By   2009-3-10 18:05:04
SA wines may soon join our perlemoen on Chinese shopping lists.

Groot Constantia winemaker Boela Gerber jokingly refers to his tasting room as “a Chinese railway station”, reflecting the rapidly changing demographic of wine tourism.

Many a tourist with no booking at the Black Marlin at Millers Point, just beyond Simonstown, has been defeated by Hylton-Ross-loads of anorak-clad oldies in an abalone and shark-fin soup frenzy.

That’s a trend set to continue as Chinese president Hu Jintao racked up even more frequent flier miles to the continent last month. Sino-African trade is up tenfold since 2000 and last year rocketed 45% to 107-billion, a trend Hu insists will continue.

So far most of the trade has been one-way in non-renewable resources such as oil, iron and coal. But with Chinese external tourism breaking all records, there is a good chance that wine will join perlemoen as something sought after in Shanghai. The removal of wine import duties into Hong Kong last February provides SA winemakers with an attractive base from which to launch a campaign.

The International Wine & Spirit Competition in the city in November is a most auspicious occasion to launch an initiative.

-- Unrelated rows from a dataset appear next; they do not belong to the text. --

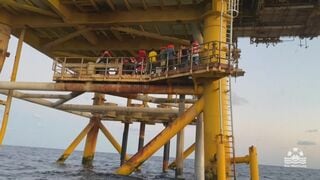 チュニジア沖で移民が乗った船が難破　少なくとも2人死亡　6人行方不明| TBS CROSS DIG with Bloomberg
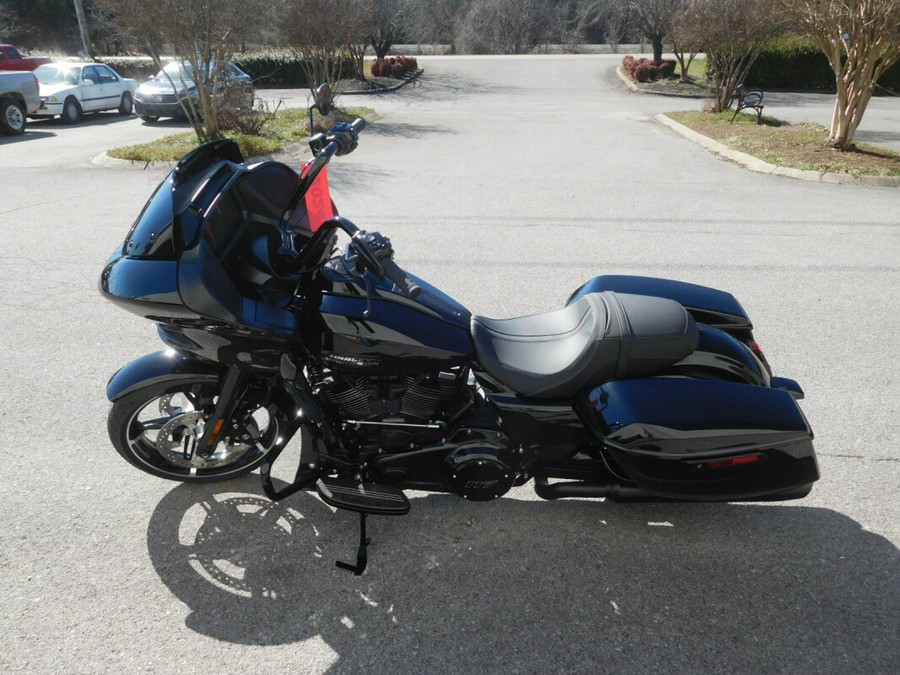 FLTRX 2024 Road Glide®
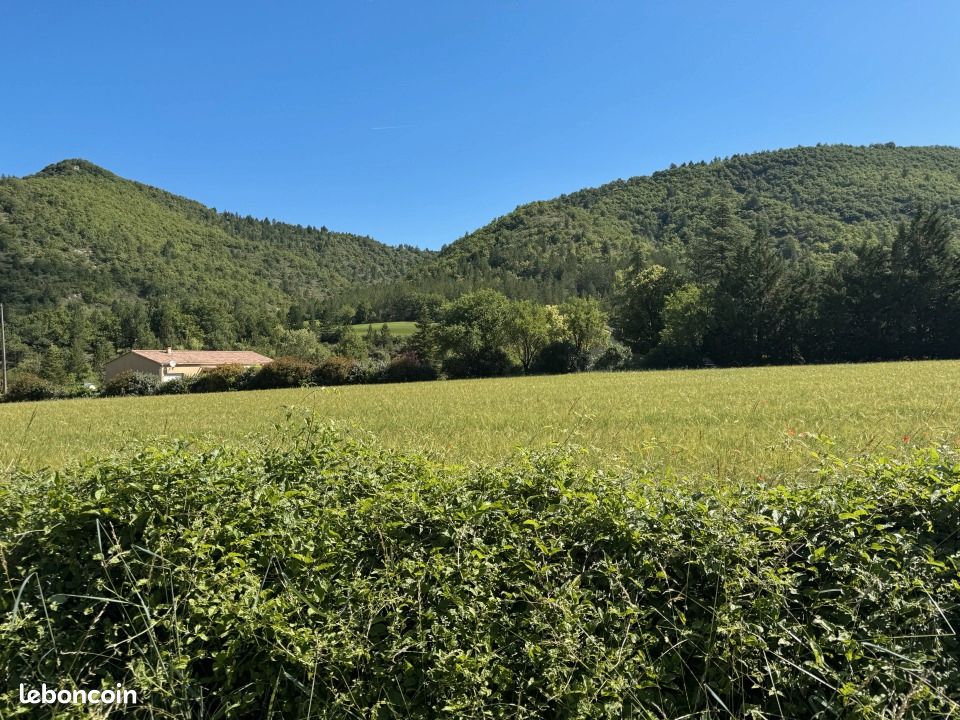 Terrain 600 m² Valbelle · 62 000 €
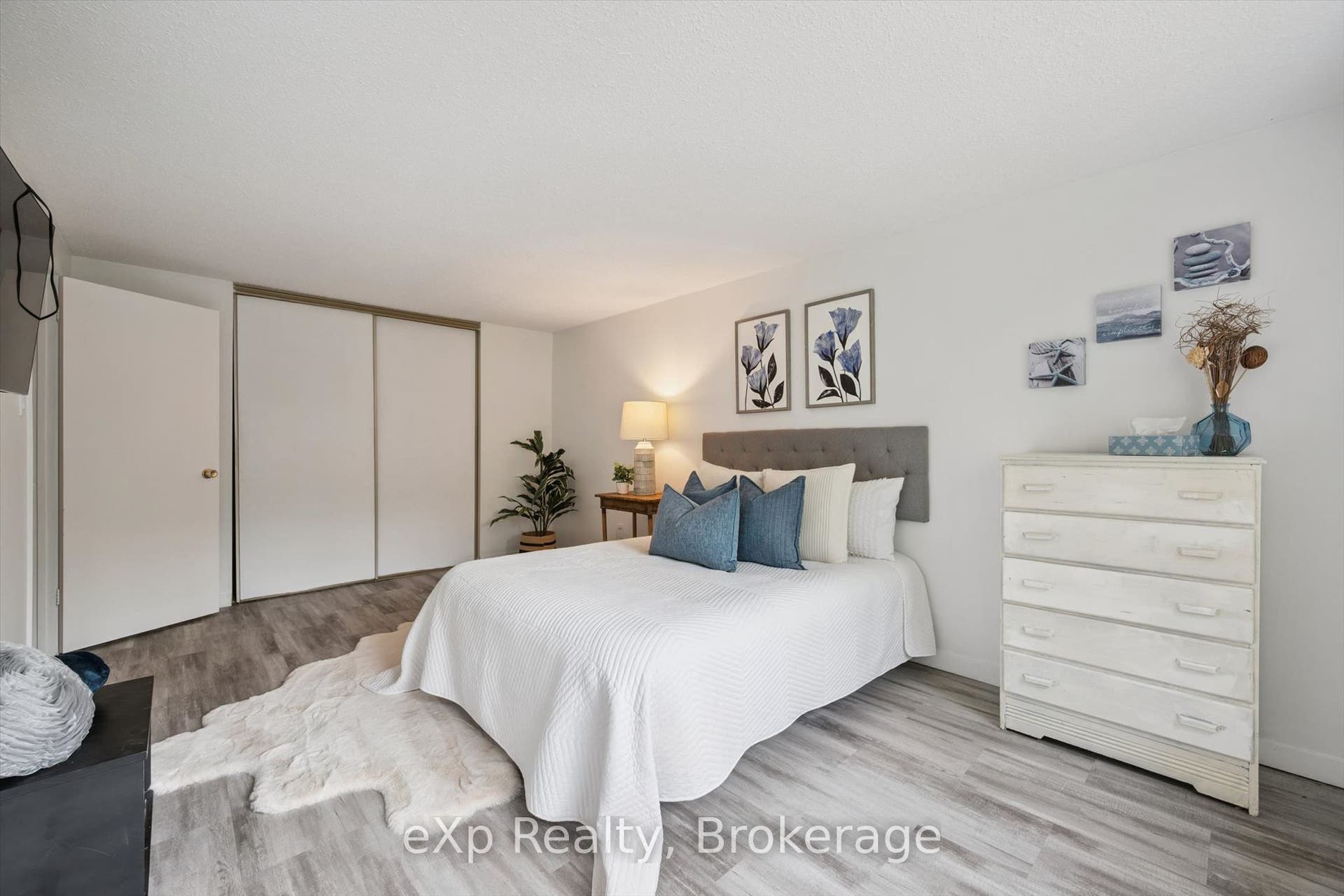 45 Marksam Road, #129, Guelph, Wellington ON N1H 6Y9 45 Marksam Road, #129, Guelph, Wellington ON N1H 6Y9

The numbers are a wine marketer’s dream: Asian wine sales (excluding Japan) are forecast to grow from US 7-billion in 2007 to 17-billion in 2012 and 27-billion in 2017, with imports making up 15-billionof that. SA producers such as Oranjerivier Wine Cellars are already shipping large volumes of bag-in-box sweet reds and some bulk producers are doubtless shipping low-priced juice to join Chile and Argentina in local blends labelled Chinese Wine.

But the real excitement is at the premium end of the market. Boris de Vroomen, MD of Moët Hennessy Diageo, notes that in Hong Kong, sales are 17% of the market as opposed to a global figure of 70%. Exporters should focus on reds, the Chinese auspicious colour, hot and humid climes notwithstanding, for Marlborough sauvignon blanc has the white market wrapped up, outselling other whites 10:1, according to New World wine importer David Roberts of Horizon Cellars.

One way forward might be to open a South African Wine Shop along the lines of Margaret River in Asia. Located on St Francis Street in trendy Wan Chai, this boutique wine shop offers carefully selected Australian drops for discerning drinkers. Across the road is an upscale French-wine emporium called les Q and a Chicken Pot shop that sells chicken in a pot.

To see “value for money” and “Margaret River” in the same sentence is unusual, but owner Ross Meder claims value is his USP (unique selling point) and points to some employees of a large French bank shopping at his establishment.

Value for money is an attractive field, on which SA producers would be keen to play Australia. But there are problems, as Meder notes.

P eople still enter the store asking for Margaret and many Chinese believe a “real” wine has to have a French label. But things are changing. When I came to Hong Kong back in 1988, you’d go out for dinner and be offered a tumbler full of Martell brandy or a San Miguel beer. These days it’s either a HK40 bottle of supermarket wine or Château Latour.